Le texte lui-même contredit l’idée que toutes les installations existeraient déjà, puisque son article 2 prévoit que les collectivités de plus de 15 000 habitants « installent » des douches gratuites, ce qui indique bien qu’elles n’en disposent probablement pas toutes.
Surtout, disposer des infrastructures et les mettre à disposition sont deux choses bien différentes ! En effet, même si les infrastructures existent, cela coûte de les rendre accessibles, en termes d’exigences de sécurité et, encore plus sûrement, d’entretien. Les représentants des collectivités que nous sommes ne peuvent qu’être sensibles à ces charges sans cesse accrues et jamais compensées. Il est du devoir de la Haute Assemblée de dire : « Stop ! ».
Quant à l’argument invoqué à l’appui de la création de l’allocation forfaitaire d’eau, il n’est pas non plus totalement convaincant, pour au moins deux raisons.
La première, c’est que rien ne garantit qu’elle « siphonne » effectivement les besoins actuels en aide curative.

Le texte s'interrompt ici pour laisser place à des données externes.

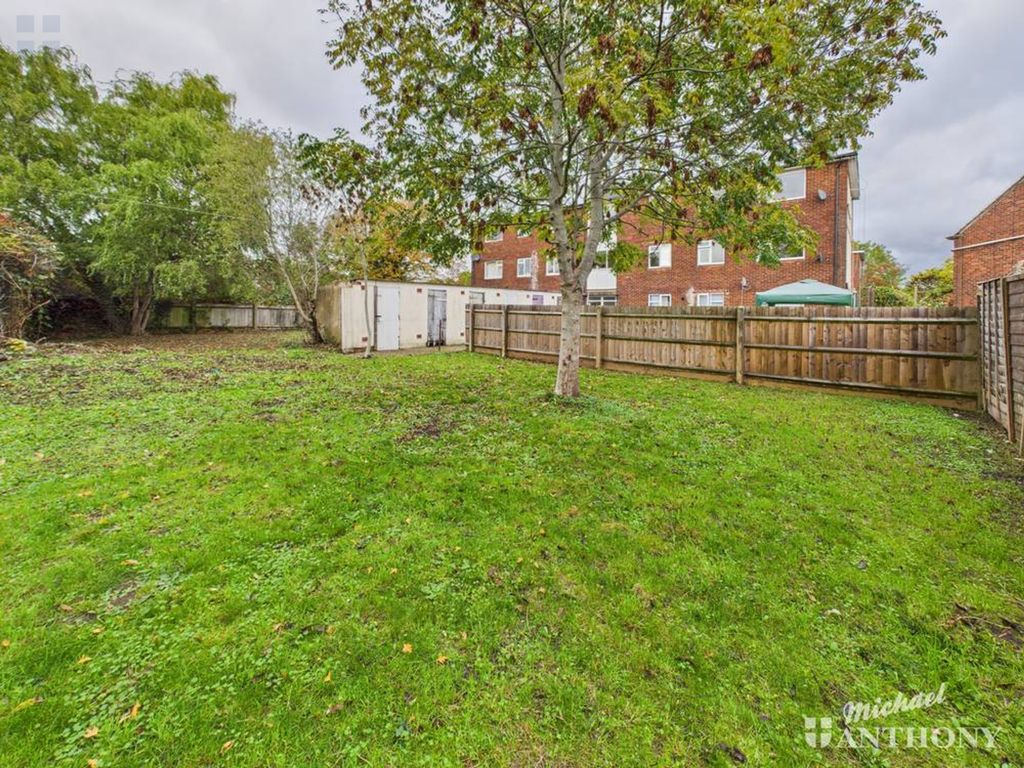 Property photo 3 of 10 Cam03852G0-Pr0456-Still023-Thumbnail-H750-70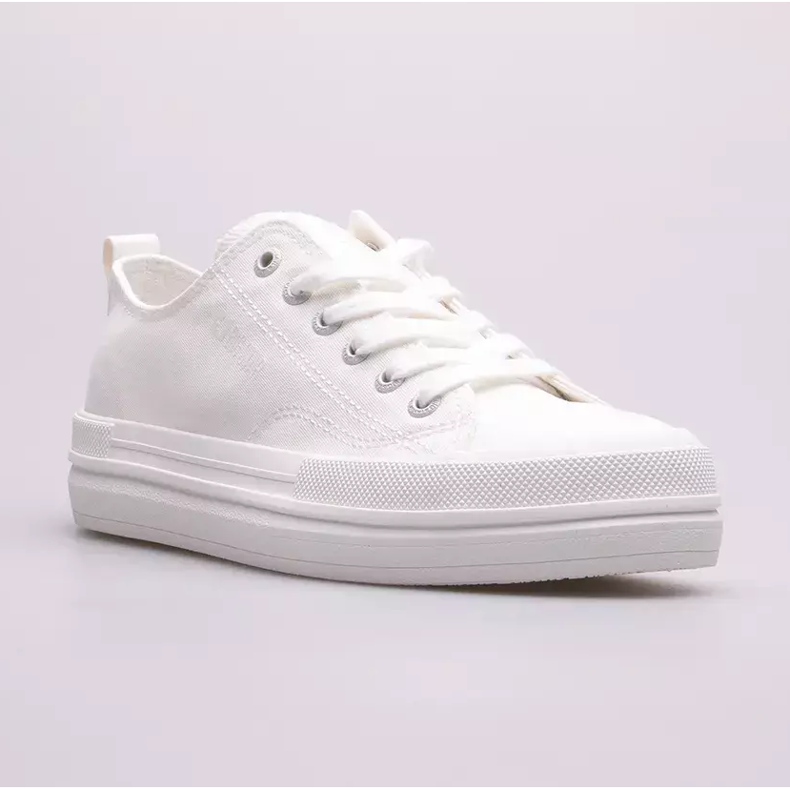 Zapatillas de mujer Big Star LL274968-101 blanco 1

La seconde est que la gestion du dispositif continuera d’incomber aux collectivités. Le texte ne prévoit pas autre chose. Il y est même écrit le contraire à l’article 4, qui prévoit un rapport relatif à « l’opportunité de rapprocher le dispositif de l’allocation forfaitaire d’eau du dispositif du chèque énergie ». En attendant, ce seront bien toujours aux collectivités d’instruire et de gérer les dossiers.
Par ailleurs, il y a deux points importants sur lesquels le texte demeure totalement muet.
Le premier est celui de son application outre-mer. Aucune modalité d’application différenciée n’est prévue, alors qu’elle s’imposerait à l’évidence.
Le second point clef ignoré par la proposition de loi est celui de l’éducation à l’usage de l’eau. La concrétisation du droit à l’eau emporte en effet le risque de faire passer l’eau pour quelque chose de gratuit, donc sans valeur, que l’on pourrait gaspiller.